Scraped caption text data:
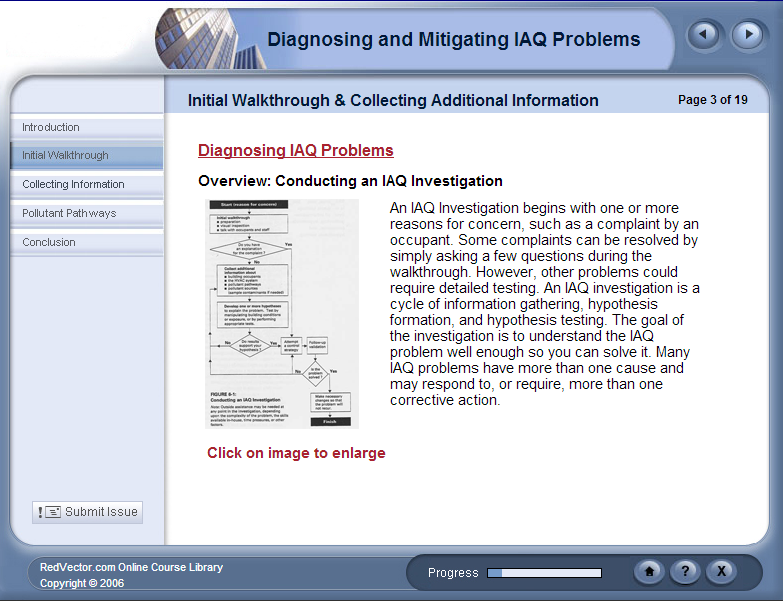 Diagnosing and Mitigating IAQ Problems Part I: Canadian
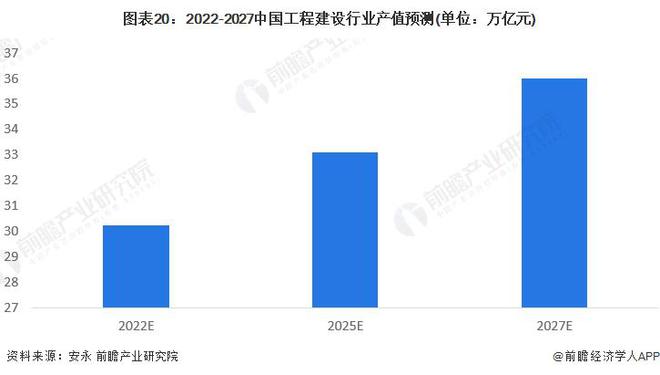 开云体育 开云官网【行业前瞻】2023-2028年全球及中国工程建设行业发展分析(图12) 开云体育 开云官网【行业前瞻】2023-2028年全球及中国工程建设行业发展分析(图12)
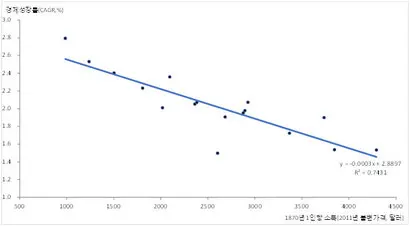 1870년의 1인당 소득(가로축)과 1971~1980년의 성장률(세로축) 관계. 각국의 소득을 2011년 기준, 미국 달러 불변가격으로 환산한 이유는 최대한 공정하게 각국의 소득과 성장률을 평가하기 위해서다. 자료=Maddison Project Database(MPD) 2018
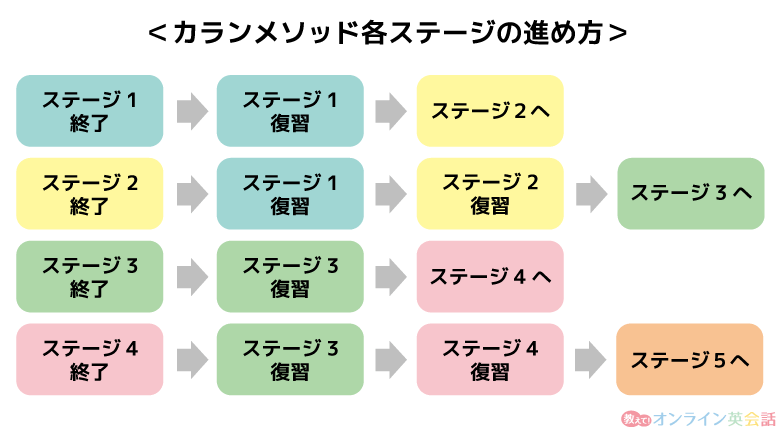 カランメソッド各ステージの進め方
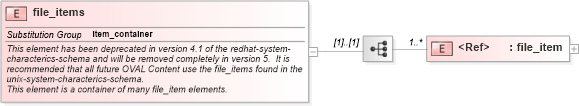 XSD Diagram of file_items in schema redhat-system-characteristics-schema_xsd (Open Vulnerability and Assessment Language (OVAL®))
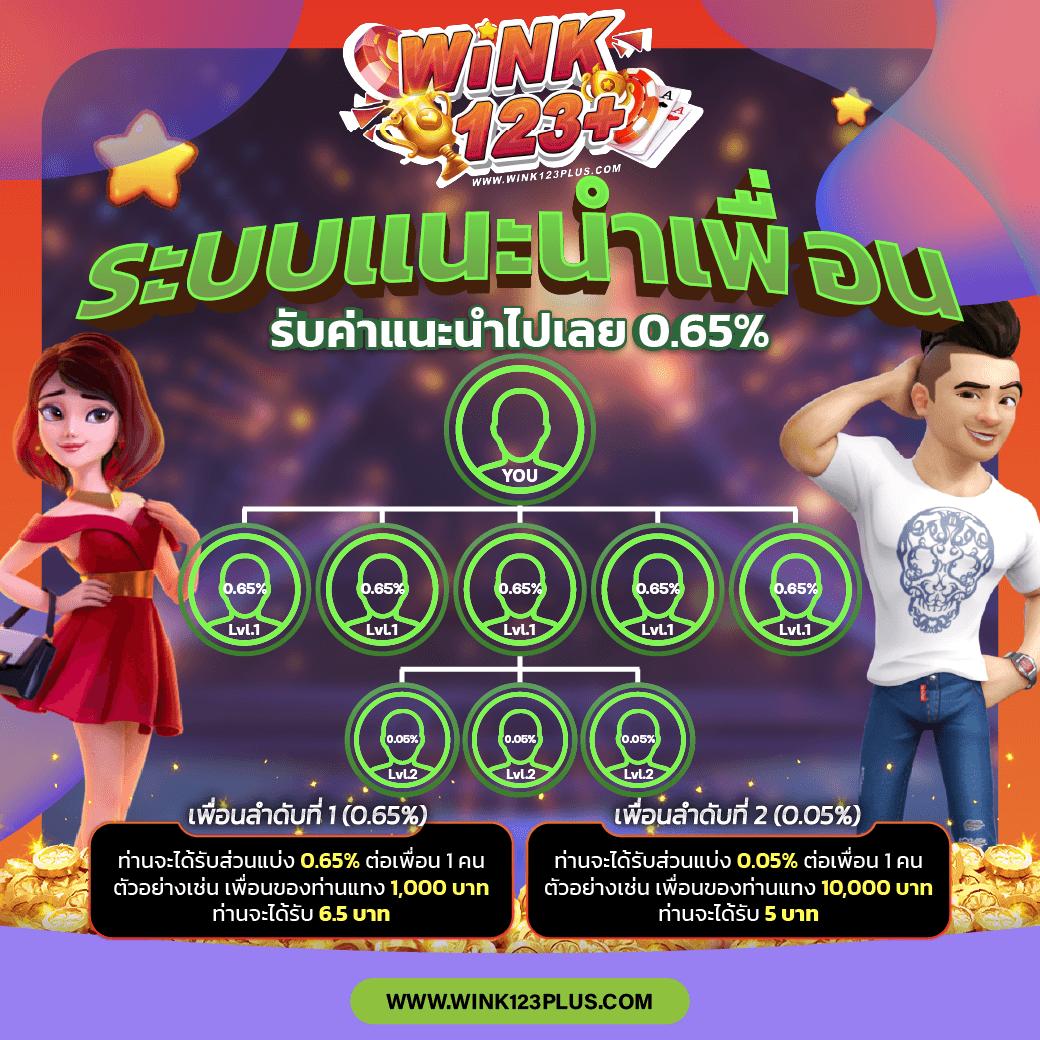 สุดยอดการแทงบอลกับ ผลบอลสดภาษาไทย ครบทุกแมตช์ สดแน่นอน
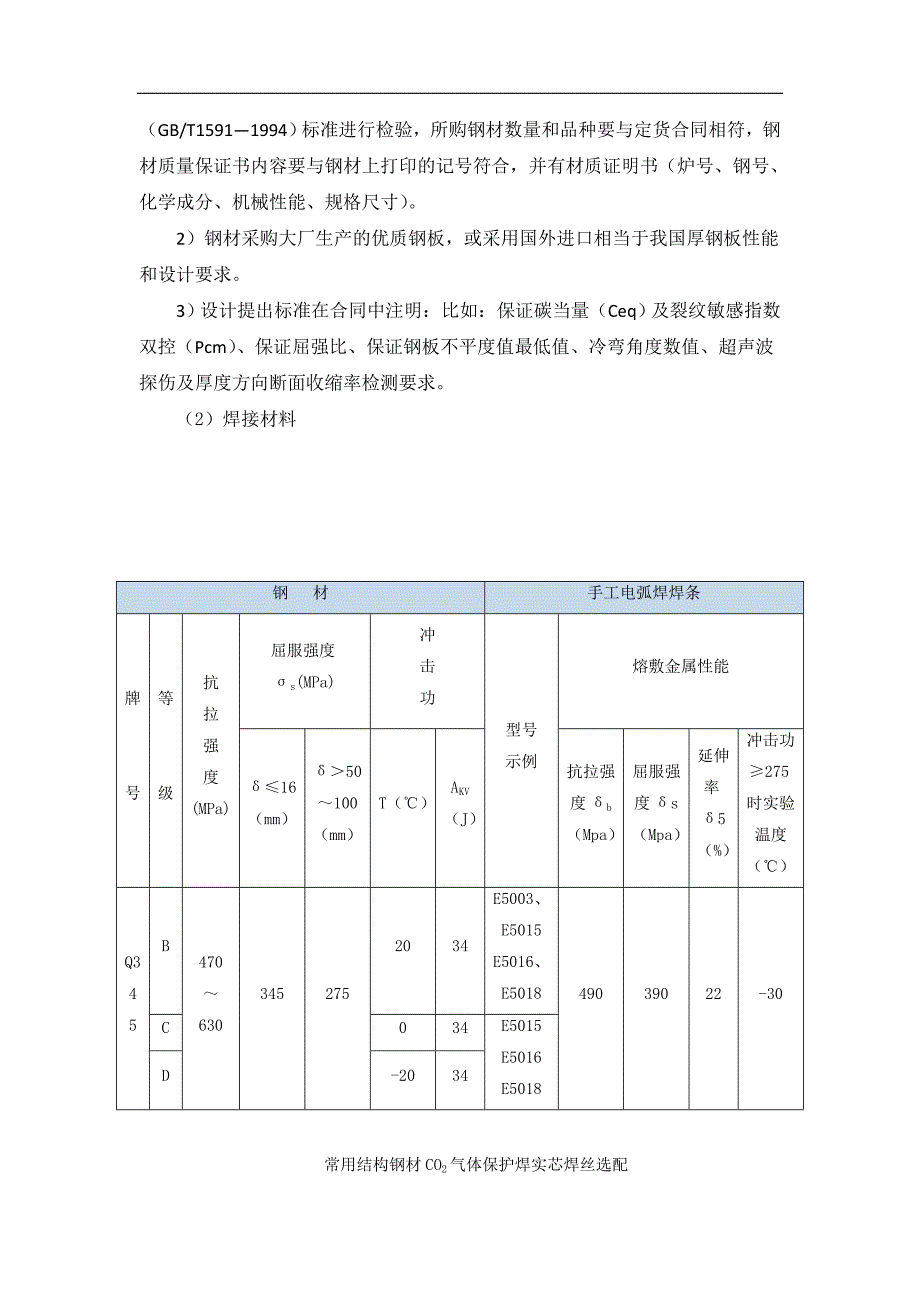 酿酒有限公司钢结构施工组织设计方案_第4页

Problem statement:
What is needed is an exact repetition of every line from the line with "สุดยอดการแทงบอลกับ ผลบอลสดภาษาไทย ครบทุกแมตช์" to the end of the data above, both ends included, with no pictures.

Task response:
 สุดยอดการแทงบอลกับ ผลบอลสดภาษาไทย ครบทุกแมตช์ สดแน่นอน
 酿酒有限公司钢结构施工组织设计方案_第4页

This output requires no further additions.